(Originally published by Yale School of Medicine)
September 10, 2015
Pietro De Camilli, M.D., has been appointed the next chair of the Department of Neurobiology, Dean Robert J. Alpern, M.D., of the Yale School of Medicine announced this week.
In addition to leading the department of neurobiology, Dr. De Camilli will direct the Kavli Institute for Neuroscience, one of four such research centers worldwide, endowed by The Kavli Foundation, that are devoted to deepening our understanding of the neurosciences through basic research.
Dr. De Camilli is the John Klingenstein Professor of Neuroscience, and professor of cell biology at the Yale School of Medicine, and an investigator of the Howard Hughes Medical Institute. He is also founding codirector of the Yale Center for Cellular Neuroscience, Neurodegeneration, and Repair.
He succeeds Pasko Rakic, M.D., Ph.D., Dorys McConnell Duberg Professor of Neuroscience and 2008 Kavli Prize Laureate, who has led the Department of Neurobiology since its inception 37 years ago and the Kavli Institute for Neuroscience since it was founded in 2004. Under Dr. Rakic's guidance the Yale School of Medicine has become a beacon of neuroscience research worldwide.
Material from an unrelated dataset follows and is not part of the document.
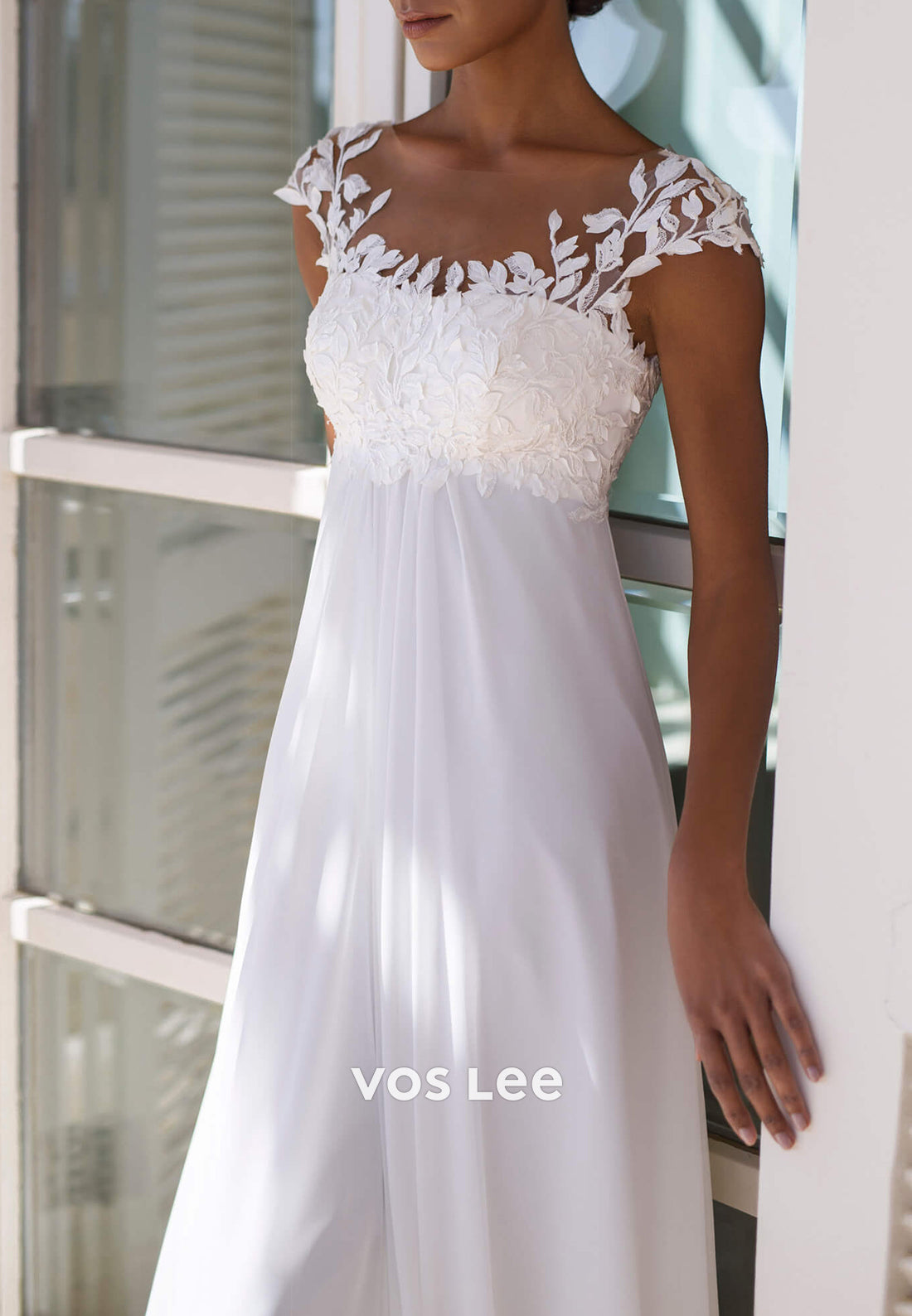 A-Line Cap Sleeves Scoop Appliques Lace Beach Tulle Wedding Dresses with Court Train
A native of Milan, Italy, Dr. De Camilli completed his medical degree at the University of Milan and postgraduate training at the University of Pavia. He came to Yale in 1978 as a postdoctoral fellow in the pharmacology laboratory of Paul Greengard, winner of the Nobel Prize in Physiology or Medicine in 2000. Dr. De Camilli joined the Section of Cell Biology in 1979, which subsequently became the Department of Cell Biology and served as department chair from 1997 to 2000. His research focuses on membrane trafficking and lipid signaling at neuronal synapses.
For more than 30 years, Dr. De Camilli has studied the dynamic function of cell membranes in the nervous system, with an emphasis on synaptic transmission, the process through which nerve cells exchange signals. His research has revealed the highly orchestrated series of events that lead to the release of neurotransmitters in pouches, called synaptic vesicles, and their subsequent reuptake at nerve endings. He has become a world-renowned expert on the mechanisms through which all cells secrete substances, take up material from the external environment and traffic it to appropriate intracellular destinations. His laboratory also investigates the impact of dysfunction of these processes in diseases of the nervous system, including autoimmune, genetic and neurodegenerative conditions.
Dr. De Camilli has received numerous awards in recognition of his scientific achievements, including the Max-Planck Research Prize in 1990, Sir Bernard Katz Award for Excellence in Research on Exocytosis and Endocytosis in 2012, and an honorary doctorate from Okayama University in 2013. He has been honored with elected memberships in the U.S. National Academy of Sciences and Institute of Medicine, The American Academy of Art and Sciences, the European Molecular Biology Organization and Italian Academy of Sciences, among others. He is President-Elect of the American Society of Cell Biology, which he will lead in 2017.
The Department of Neurobiology has a rich history at the Yale School of Medicine. It began as the Section of Neuroanatomy, established in 1978 to unite research on the brain's anatomy, physiology and chemistry, and gradually transitioned to an outstanding department focused on understanding the cerebral cortex.